In message <CAPWAtbJtPMDx-NzU8UphoSy+97ygo4Fknz5_eSghsjp-aN9x_A@mail.gmail.com> , Jeff Wheeler writes:
On Sat, Aug 6, 2011 at 7:26 PM, Owen DeLong <owen@delong.com> wrote:
Well, you aren't actually doing this on your network today. =A0If you practiced what you are preaching, you would not be carrying aggregate routes to your tunnel broker gateways across your whole backbone.
Yes we would.
No, if you actually had a hierarchical addressing scheme, you would issue tunnel broker customer /64s from the same aggregate prefix that is used for their /48s. You'd then summarize at your ABRs so the entire POP need only inject one route for customer addressing into the backbone. Of course, this is not what you do today, and not because of limited RIR allocation policies -- but because you simply did not design your network with such route aggregation in mind.
Those are artifacts of a small allocation (/32) from a prior RIR policy. The fact that those things haven't worked out so well for us was one of the motivations behind developing policy 2011-3.
There was nothing stopping you from using one /48 out of the /37s you use to issue customer /48 networks for issuing the default /64 blocks your tunnel broker hands out.
So you want HE to force all their clients to renumber.
We give a minimum /48 per customer with the small exception that customers who only want one subnet get a /64.
You assign a /64 by default. Yes, customers can click a button and get themselves a /48 instantly, but let's tell the truth when talking about your current defaults -- customers are assigned a /64, not a /48.
The client can request a /48 or /64 as the initial allocation.
We do have a hierarchical addressing plan. I said nothing about routing, but, we certainly could implement hierarchical routing if we arrived at a point where it was advantageous because we have designed for it.
How have you designed for it? You already missed easy opportunities to inject fewer routes into your backbone, simply by using different aggregate prefixes for customer /64s vs /48s.
However, requesting more than a /32 is perfectly reasonable. In the ARIN region, policy 2011-3.
My read of that policy, and please correct me if I misunderstand, is that it recognizes only a two-level hierarchy. =A0This would mean that an ISP could use some bits to represent a geographic region, a POP, or an aggregation router / address pool, but it does not grant them justification to reserve bits for all these purposes.
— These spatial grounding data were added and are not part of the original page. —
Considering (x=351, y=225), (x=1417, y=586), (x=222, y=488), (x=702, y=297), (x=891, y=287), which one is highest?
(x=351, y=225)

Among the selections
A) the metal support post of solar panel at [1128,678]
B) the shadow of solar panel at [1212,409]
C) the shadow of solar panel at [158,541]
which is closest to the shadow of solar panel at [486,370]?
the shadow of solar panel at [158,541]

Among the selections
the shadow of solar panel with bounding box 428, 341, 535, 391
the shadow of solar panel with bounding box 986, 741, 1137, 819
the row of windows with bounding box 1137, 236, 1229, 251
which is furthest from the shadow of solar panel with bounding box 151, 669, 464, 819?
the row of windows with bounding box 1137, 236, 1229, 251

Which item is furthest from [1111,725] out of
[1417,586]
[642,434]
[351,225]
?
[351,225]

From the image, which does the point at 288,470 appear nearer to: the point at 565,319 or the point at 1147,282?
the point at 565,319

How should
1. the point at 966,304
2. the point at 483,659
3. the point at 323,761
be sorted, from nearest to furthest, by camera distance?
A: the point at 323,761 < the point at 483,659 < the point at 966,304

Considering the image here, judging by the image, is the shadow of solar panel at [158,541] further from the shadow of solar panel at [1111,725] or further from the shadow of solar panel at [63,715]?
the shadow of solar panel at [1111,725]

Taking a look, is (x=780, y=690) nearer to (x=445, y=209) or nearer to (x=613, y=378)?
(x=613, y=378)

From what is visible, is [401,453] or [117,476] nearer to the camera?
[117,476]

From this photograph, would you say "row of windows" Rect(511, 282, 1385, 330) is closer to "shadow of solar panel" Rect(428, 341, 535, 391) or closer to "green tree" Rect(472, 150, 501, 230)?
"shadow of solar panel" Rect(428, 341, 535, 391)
While that's theoretically true, the combination of 25% minfree , nibble boundaries, and equal sized allocations for all POPs based on your largest one allows for that in practical terms in most circumstances.
I don't think it does allow for that. I think it requires you to have at least one "POP prefix" 75% full before you can get any additional space from the RIR, where 75% full means routed to customers, not reserved for aggregation router pools. This is not a hierarchy, it is simply a scheme to permit ISPs to bank on having at least one level of summarization in their addressing and routing scheme.
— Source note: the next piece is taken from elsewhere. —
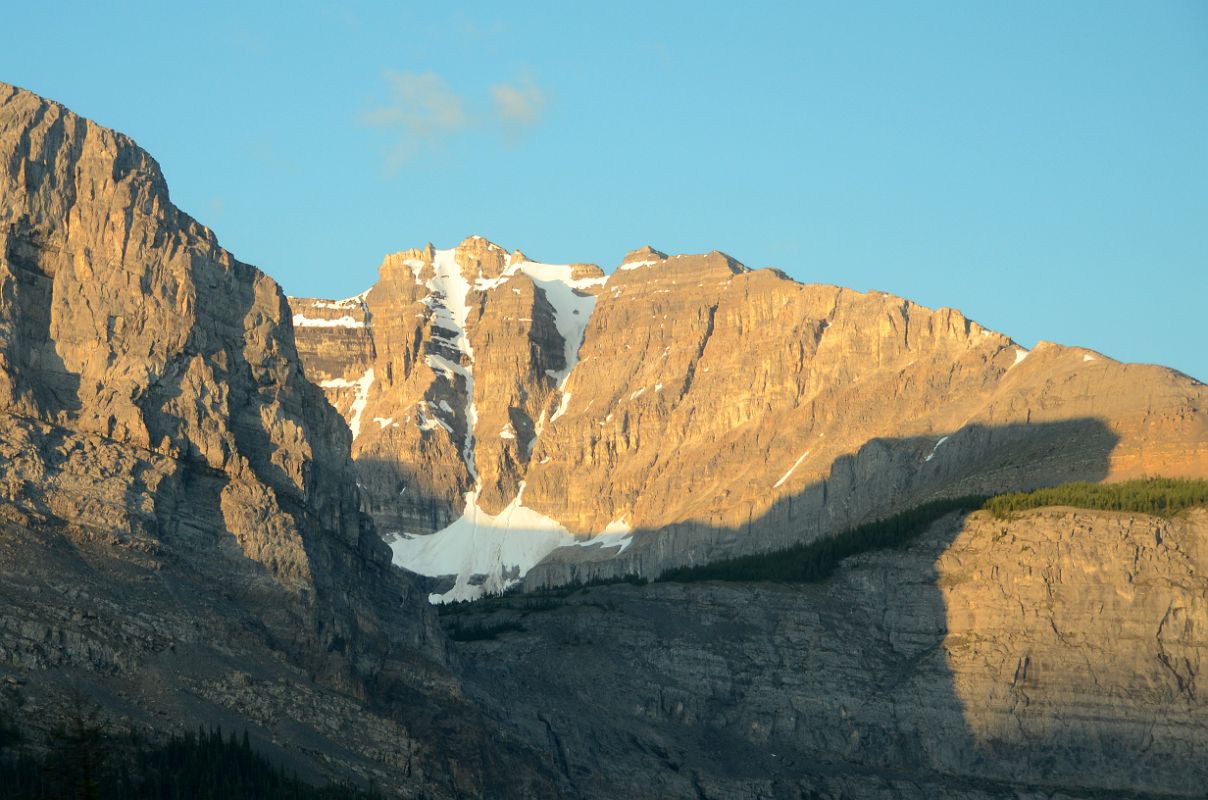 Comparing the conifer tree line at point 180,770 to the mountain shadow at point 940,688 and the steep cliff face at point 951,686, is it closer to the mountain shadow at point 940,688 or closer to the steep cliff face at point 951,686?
the mountain shadow at point 940,688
2011-3 does not provide for an additional level to summarize on the aggregation routers themselves. It should, but my read is that the authors have a very different opinion about what "hierarchical" addressing means than I do. It should provide for route aggregation on both the ABR and the aggregation router itself.
AT&T serves some entire states out of a single POP, as far as layer-3 termination is concerned.
Are any of the states with populations larger than Philadelphia among them?
Yes, for example, Indiana. Pretty much every state in the former Ameritech service territory.